Our work has some merits. First, all GWAS summary-level data were derived from recent extensive sample studies, ensuring our study’s statistical strength. Second, we used multiple methods to eliminate outlying and pleiotropic SNPs to guarantee instrumental variables’ validity. Third, multiple sensitivity analyses consistently supported our findings, suggesting the robustness and reliability of the results. Finally, our work solves the limitation of conventional observational research that does not explain the putative causality among obesity, SHBG, and sex hormones or handle unmeasured confounders well (Davies, Holmes & Davey Smith, 2018).

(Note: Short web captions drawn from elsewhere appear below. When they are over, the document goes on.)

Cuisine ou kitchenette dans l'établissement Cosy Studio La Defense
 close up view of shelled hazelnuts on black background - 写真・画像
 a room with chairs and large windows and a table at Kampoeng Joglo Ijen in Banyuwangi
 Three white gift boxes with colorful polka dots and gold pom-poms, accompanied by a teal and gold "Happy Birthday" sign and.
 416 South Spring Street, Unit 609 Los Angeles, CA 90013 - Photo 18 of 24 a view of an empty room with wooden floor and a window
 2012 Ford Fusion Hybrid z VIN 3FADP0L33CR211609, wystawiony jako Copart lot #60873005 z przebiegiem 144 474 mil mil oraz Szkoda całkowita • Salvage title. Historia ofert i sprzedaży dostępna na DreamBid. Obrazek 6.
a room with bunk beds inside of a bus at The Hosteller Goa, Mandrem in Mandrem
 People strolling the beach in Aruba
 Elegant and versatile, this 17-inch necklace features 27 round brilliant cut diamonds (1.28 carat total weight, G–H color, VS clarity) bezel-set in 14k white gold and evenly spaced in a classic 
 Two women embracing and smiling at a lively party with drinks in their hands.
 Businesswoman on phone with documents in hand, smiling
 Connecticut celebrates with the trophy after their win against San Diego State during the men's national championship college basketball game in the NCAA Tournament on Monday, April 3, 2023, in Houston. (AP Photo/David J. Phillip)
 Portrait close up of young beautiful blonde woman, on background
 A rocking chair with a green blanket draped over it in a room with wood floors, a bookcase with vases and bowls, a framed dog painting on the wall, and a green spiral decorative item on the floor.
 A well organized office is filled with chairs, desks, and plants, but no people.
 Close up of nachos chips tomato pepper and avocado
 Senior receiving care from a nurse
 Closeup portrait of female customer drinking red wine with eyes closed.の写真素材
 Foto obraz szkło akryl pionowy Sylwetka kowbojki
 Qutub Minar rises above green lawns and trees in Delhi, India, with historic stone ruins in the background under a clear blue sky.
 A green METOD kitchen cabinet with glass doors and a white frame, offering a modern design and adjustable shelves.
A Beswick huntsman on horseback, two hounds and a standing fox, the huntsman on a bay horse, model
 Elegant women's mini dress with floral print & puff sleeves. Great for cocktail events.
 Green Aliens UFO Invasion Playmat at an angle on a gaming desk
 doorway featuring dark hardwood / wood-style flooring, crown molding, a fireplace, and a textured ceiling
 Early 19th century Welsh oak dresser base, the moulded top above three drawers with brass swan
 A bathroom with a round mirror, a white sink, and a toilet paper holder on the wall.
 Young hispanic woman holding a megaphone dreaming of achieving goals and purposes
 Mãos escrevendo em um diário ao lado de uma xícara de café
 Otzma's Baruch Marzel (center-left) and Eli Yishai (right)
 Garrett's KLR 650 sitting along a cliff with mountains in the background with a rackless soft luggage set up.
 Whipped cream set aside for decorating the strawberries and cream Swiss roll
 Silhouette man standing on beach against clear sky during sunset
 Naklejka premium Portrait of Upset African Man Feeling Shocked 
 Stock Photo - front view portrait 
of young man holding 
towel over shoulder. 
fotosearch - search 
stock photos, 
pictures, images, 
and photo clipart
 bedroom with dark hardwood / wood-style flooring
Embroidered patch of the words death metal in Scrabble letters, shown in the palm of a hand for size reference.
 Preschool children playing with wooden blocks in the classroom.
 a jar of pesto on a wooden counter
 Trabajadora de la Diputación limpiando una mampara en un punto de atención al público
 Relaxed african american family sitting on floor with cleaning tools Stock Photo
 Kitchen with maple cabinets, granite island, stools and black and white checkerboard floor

Inevitably, our work has some limitations. First, although our findings supported a putative causal association among BMI, sex hormones, and SHBG, the potential interaction mechanism remains unclear. Consequently, the underlying mechanism of their interactions and how they affect one another should be further investigated using molecular experiments. Next, whether and how much samples of the sex hormones-related GWAS overlap is unclear. Furthermore, given that all GWAS summary data were derived from European populations, generalizing to non-European populations may have some bias. Finally, all data were GWAS summary levels, and thus stratified analysis according to age was limited.
Conclusion
In summary, using genetic data from large sample studies, we conducted an MR study to expound the bidirectional causal association among BMI, sex hormones, and SHBG in men. We then found a bidirectional causality between BMI and SHBG and a unidirectional causality between BMI and sex hormones. Additionally, genetically predicted SHBG levels were bidirectionally associated with BioT levels and unidirectionally associated with estradiol levels. The findings provide novel insights into interventions based on BMI, sex hormones, and SHBG, specifically interventions that promote men’s health.